RECORDED DATA Block Start

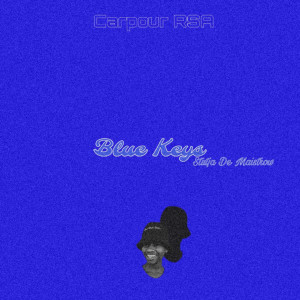 ดาวน์โหลดและฟังเพลง Blue Keys พร้อมเนื้อเพลงจาก Carpour RSA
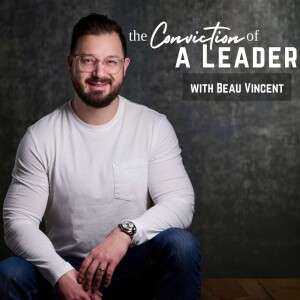 The Conviction of a Leader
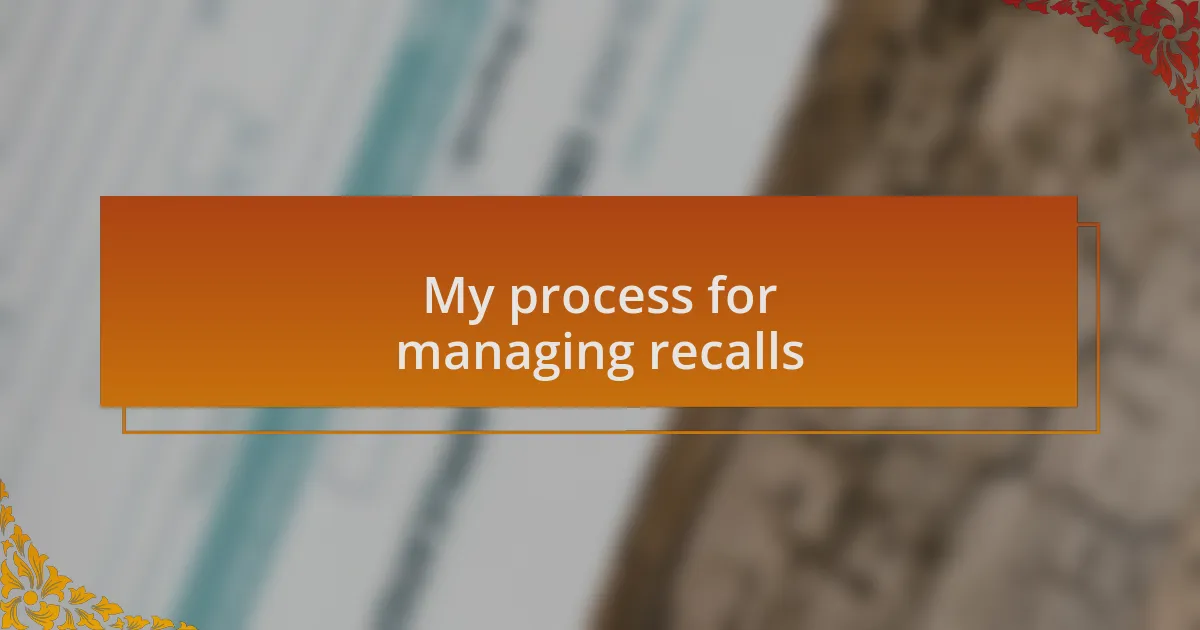My process for managing recalls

RECORDED DATA Block End

The whole listing above must be set down again exactly, but without its images.

EXERCISE SOLUTION
 ดาวน์โหลดและฟังเพลง Blue Keys พร้อมเนื้อเพลงจาก Carpour RSA
 The Conviction of a Leader
My process for managing recalls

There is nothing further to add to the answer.